President Ma Ying-jeou (馬英九) announced yesterday he would run in the Chinese Nationalist Party (KMT) chairman election on July 26 to push for closer cooperation between the government and the party.
“I am prepared to join the next KMT chairmanship election, to again lead this party that has established and protected the Republic of China and to continue party reform ... I have decided to run in the party chairman’s election not to expand my power, but to fulfill my responsibility,” Ma said at a press conference at KMT headquarters yesterday afternoon.
Ma, accompanied by KMT Chairman Wu Poh-hsiung (吳伯雄) and top party officials, thanked Wu for his long-term support and for taking over as KMT chairman after Ma stepped down over the mayoral special allowance fund case.
PHOTO: PICHI CHUANG, REUTERS
Wu said he would not run in the election. He said Ma had told him about his intention to run for the chairmanship two days ago. Wu said he would cooperate by not running in the election.
“I am under tremendous stress these days ... I’ve made it clear that it would be impossible for me to compete with President Ma in the election,” Wu said.
Ma and Wu had planned to finalize the issue next Monday when registration opens for the party’s chairmanship election, but decided to hold a joint press conference yesterday to explain the issue after speculation mounted over a power struggle between the two.
Wu yesterday said he had brought up the KMT chairmanship with Ma in April last year and had said he had no intention of getting involved in any power struggles.
Taking over as KMT chairman two years ago was not part of his plan, Wu said, adding that he was grateful for cross-strait developments and the victories in legislative and presidential elections that he helped the party achieve.
“I have no intention of competing with anyone and I hope my decision today will help [the party] turn to the next generation. A 70-year-old man should know when to quit,” Wu said.
Ma is 59 years old.
Ma later confirmed Wu had consulted with him in April last year about the possibility of his taking over the party chairmanship shortly after he won the presidential election, but he had not thought it would be necessary to double as party chairman.
Wu mentioned the issue again last September and the two agreed to discuss it this month.
Ma yesterday denied that the lack of cooperation between the party and the government prompted him to change his mind, and reiterated that taking over the chairmanship would help the government function more smoothly.
When asked to comment on his previous opposition to the idea of the president doubling as party chairman, Ma said no laws banned the president from doing so.
“I thought it would be unnecessary [to double as KMT chairman] when I took office last year, but I now believe that the party and the government should fully cooperate as we have faced various challenges over the past year,” Ma said.

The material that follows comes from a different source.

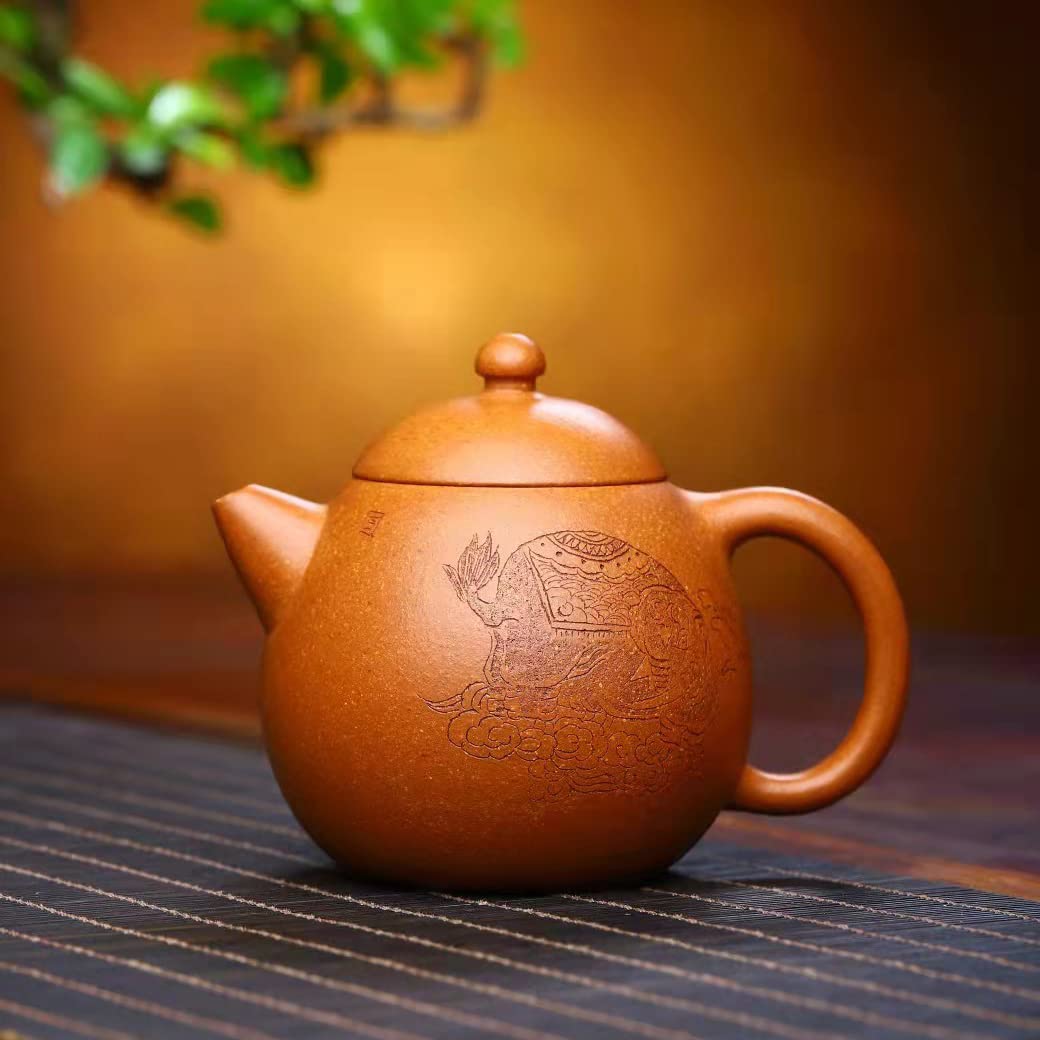 Premium Yixing Zisha Teapot 8.4oz (250ml) - Authentic Handcrafted Purple Clay Teapot with Certificate & Gift Box (Dragon Egg Design, Jiangpo Ni Clay) - Perfect for Chinese Tea Ceremony, Gongfu Tea, and Home Decoration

As to the forum between the KMT and the Chinese Communist Party, Ma declined to confirm whether he would attend and meet Chinese President Hu Jintao (胡錦濤) in his capacity as KMT chairman.
The KMT chairman election is scheduled for July 26 and the new chairman will formally take over the position on Sept. 12.

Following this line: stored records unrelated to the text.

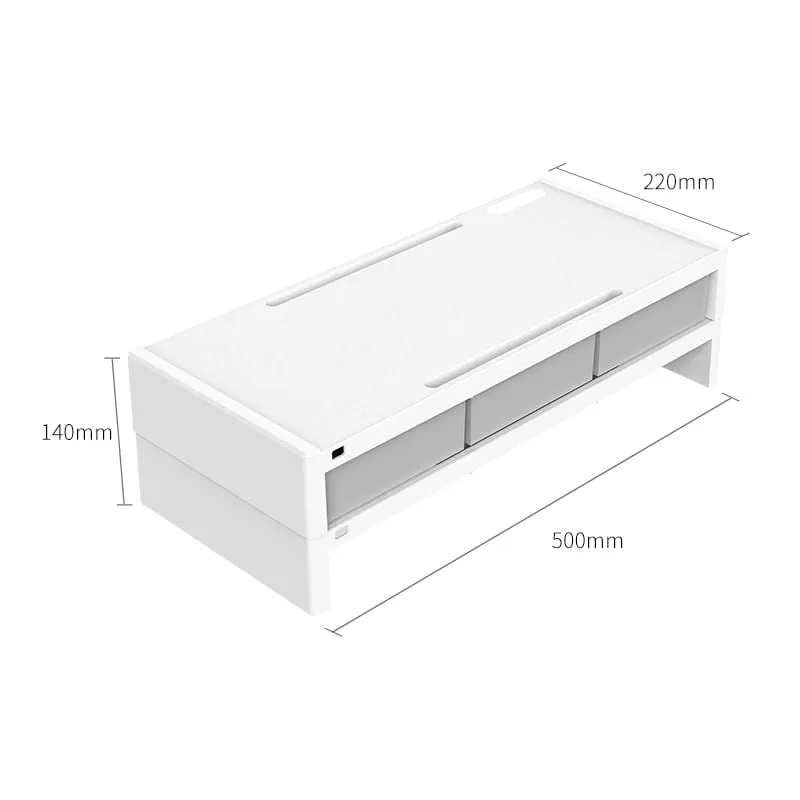 Orico 14Cm Desktop Monitor Stand With Drawers - White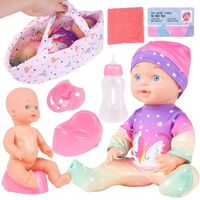 Lėlė kūdikis su priedais ir nešykle, 30 cm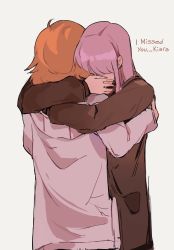 Rule 34 | 2girls, alternate costume, amlichan, arms around neck, couple, ear piercing, face-to-face, hand on another&#039;s back, head on another&#039;s shoulder, highres, hololive, hololive english, hood, hoodie, hug, long hair, mori calliope, multiple girls, mutual hug, orange hair, piercing, pink hair, standing, takanashi kiara, virtual youtuber, yuri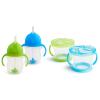imageMunchkin Happy Snacker Toddler Cups and Snack Containers  7oz Any Angle Weighted Straw Trainer Cup and 9oz Snack Catchers PurplePinkGreenBlue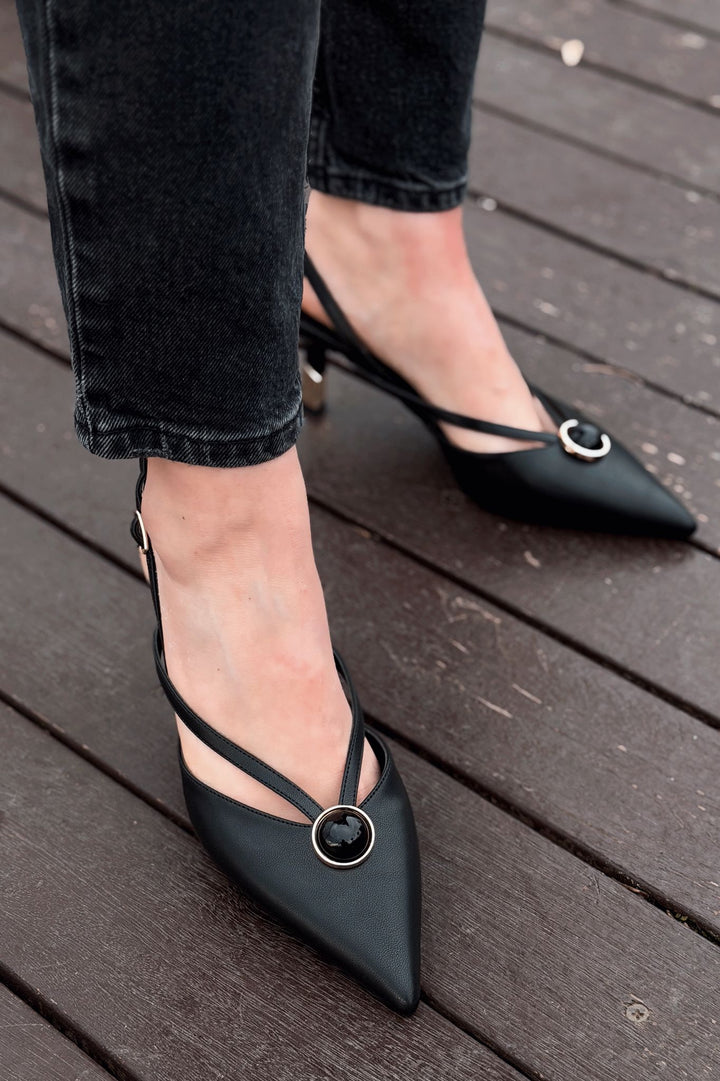 Lorisse Stiletto Siyah Mat Deri - ILOVESHOES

KMT caucus deputy secretary-general Lu Hsueh-chang (呂學樟) said yesterday the party should still complete its democratic procedures to elect its next chairman. Another caucus deputy secretary-general, John Wu (吳志揚), son of Wu Poh-hsiung, said his father was glad to hand over the position to the president.
KMT Legislator Lo Shu-lei (羅淑蕾) held a different view, expressing concern about the impact of Ma’s decision. Now the president would enjoy absolute power and no one would be able to influence his decisions, she said.
“He can do whatever he wants,” Lo said. “No one can control him anyway. He now becomes the most powerful person in Taiwan.”
At a separate setting yesterday, Democratic Progressive Party (DPP) Chairperson Tsai Ing-wen (蔡英文) said that after Ma becomes KMT chairman, Taiwan’s democratic system would be in danger because the system of checks and balances would totally lose efficacy. Only referendums would remain to check Ma’s power, she said.
DPP Legislator Chai Trong-rong (蔡同榮) said the spirit of democracy lies in the division of power, but Ma wants to control the government, the military, the intelligence, the party and the legislature, “and become a dictator of the country.”
Former vice president Annette Lu (呂秀蓮) also voiced her concern, saying that these are signs of Ma’s intention to gain more control over politics and move Taiwan closer to unification with China via the KMT-CCP exchange platform.
“Once Ma becomes the [KMT] chairman, he will have the power to nominate candidates for the year-end local government head elections, as well as for the next legislative election,” Lu said. “With nomination power, all KMT politicians who seek to run in elections — including those who would often disagree with Ma — will have to listen to him.”